Posted August 10, 2012 01:41 pm

The Impact of Title IX on Women Athletes in the OIympics and Our Town

Rita Guenser playing Powderpuff Football at Vista High School in the 60's.
A pre-Title IX athlete, Rita Guenser (#21), playing Powderpuff Football
Rita Guenser, a female athlete before Title IX required equal opportunities in school sports.

This has been a great year for women in the Olympics. In sport after sport, we've seen women break records and inspire millions of spectators around the world. There are women competitors from small countries that I need to Google, and women from the biggies like the United States, China and Russia.

Sally Jenkins, the Washington Post reporter who wrote an article in today’s Washington Post, says, “In 2012, winning Olympic gold is women’s work” ( Jenkins doesn't mention Title IX, but that 1972 law is part of the reason the United States has so many great women athletes in such a wide variety of sports in the 2012 Olympics. Title IX prohibits sex discrimination in all education activities, not just sports, but the biggest impact for female athletes has been mandating a level playing field (so to speak) for girls.

There are ten specific factors the Department of Education considers when they believe that Title IX is being violated.

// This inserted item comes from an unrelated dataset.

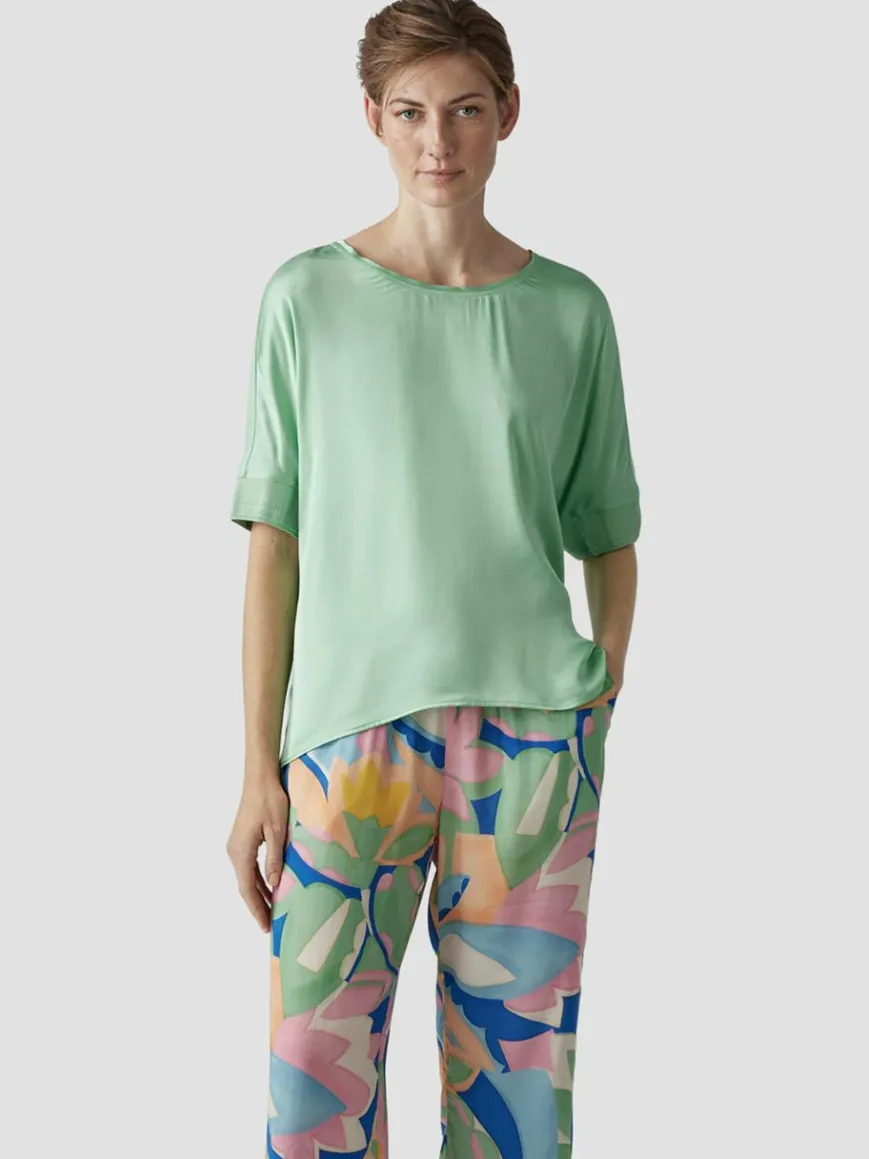 LCMT Shirts & Tops*Damen T-Shirt grün uni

Those factors came out of what was standard practice up until the law was passed. For example, schools cannot discriminate against girl tuba players who want to be in the pep band, and they must provide equipment, practice fields, and decent practice schedules for girls participating in school sports programs. (

Prior to 1972, girls were second class gym citizens. I graduated from Vista High School, Vista, California, in 1966, and I can only name one girl, Rita Guenser, who was an athlete. I remember seeing photos in the Vista Press sports section of Rita running in cross country races with boys. In my 1966 La Revista yearbook, there are 36 pages (out of 246) full of black and white photos of boys engaged in basketball, baseball, wrestling, golf, track, shot put, tennis, and swimming.

The yearbook has a total of three pages titled "GAA Goal is Fun and Games" devoted to the Girls' Athletic Association (GAA).  GAA met every Wednesday after school. I don't know if Mrs. Picchiottino, the girls’ P.E. teacher, was paid to run the GAA program, but she was the only adult female I recall being involved in sports at Vista High.There was just one photo of Rita playing in the Powderpuff Football game, but none of her running track.

Fast forward to 2012, and we have terrific full color photos of girls playing softball on the front page of the Sports Section. Seeing images in the Juneau Empire of women and girls competing in softball, basketball, and other sports is not a novelty anymore. I hope the high school coaches have told their girls about Title IX, and the impact it has had on their opportunities as athletes.

Watching American women win medal after medal in the Olympics can, in a big way, be tied to the law known simply by the Roman numeral IX that gave them the opportunity to go for the gold.